# Heavy sleeper?



## nzumbe (Sep 8, 2009)

My rat doesn't really sleep more than average but she is hard to wake up when she does. This morning when I went to feed them she didn't wake up and come to the door. She was just lying in her hammock and I picked her up and she was still sleeping. Scared the crap out of me because I thought she was dead. She does this all the time. Should I be concerned?


----------



## Gma and Gpa P (Jan 17, 2009)

Sounds like Polly! When we adopted Polly, her previous owners warned me that she does 2 things:

1) Hoards food

2) Sleeps heavy

There are times I go to the cage to give the girls treats or take them for free-range time, and Polly is sleeping so hard that I can drag the house she sleeps in across the cage and she won't wake up. I've even had a few times of picking her up and she continues to sleep.

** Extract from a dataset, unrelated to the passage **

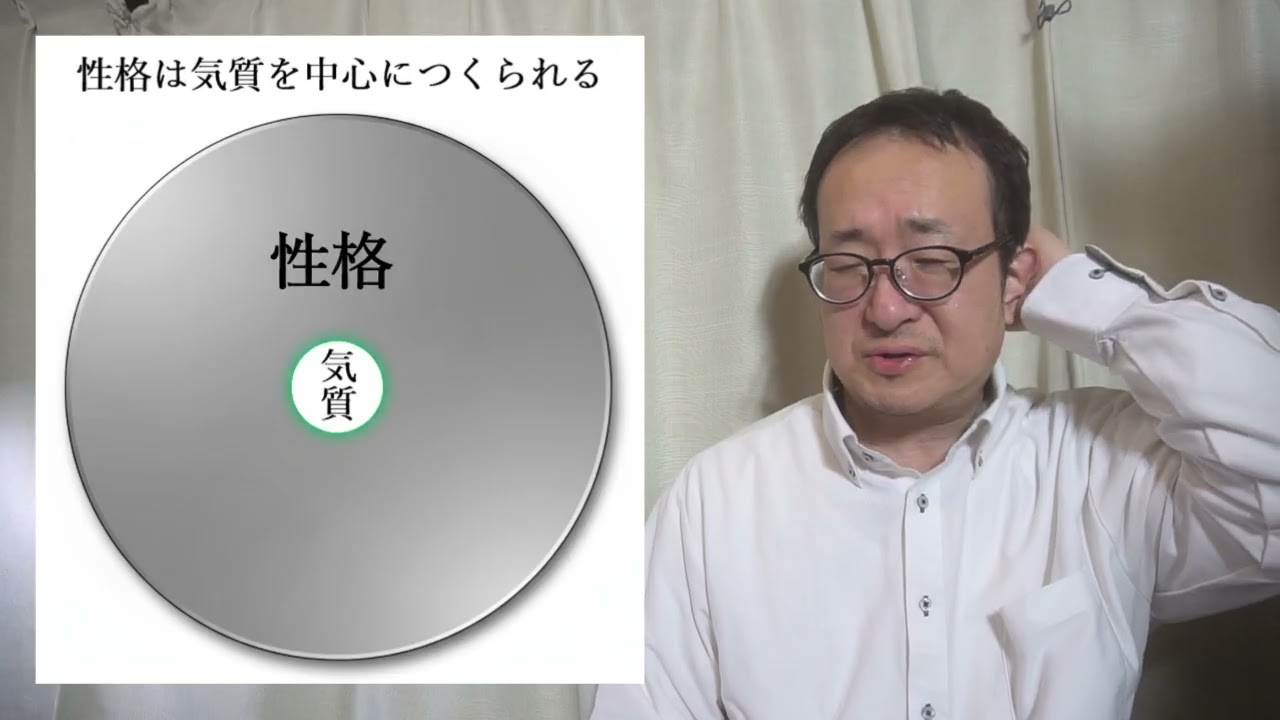 自分を認識できない人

I don't know if it is anything to really be worried about, it is just like my Polly though.


----------



## nzumbe (Sep 8, 2009)

Gma and Gpa P said:


> Sounds like Polly! When we adopted Polly, her previous owners warned me that she does 2 things:
> 
> 1) Hoards food
> 
> ...


Oh wow. Copernicus does the food hoarding thing too, lol. She'll come out and grab things from your hand to hide behind her house.


----------



## Kiko (Sep 18, 2009)

My rat Peaches does this, she also hoards food. 
I tend to just pluck them up and put them back in the bowl during cage cleaning (not the icky ones)
It always scares me when they sleep heavy, my rat Peaches in in a tank with her babies right now, and I get so scared shes dead every time, I tap the glass a bunch of times, and shes like "whaa?" with all her babies hanging off her belly xD
Sowwy Peachy mama xD


----------



## AMJ087 (Aug 27, 2008)

One of my males did that too, only a few times. It scared me too i thought he had died also!!!


----------



## lilspaz68 (Feb 24, 2007)

If you notice the sleeping getting deeper and deeper, you could have possible heart issues on your hand OR you have a seriously deep sleeping/relaxed rat LOLOL


----------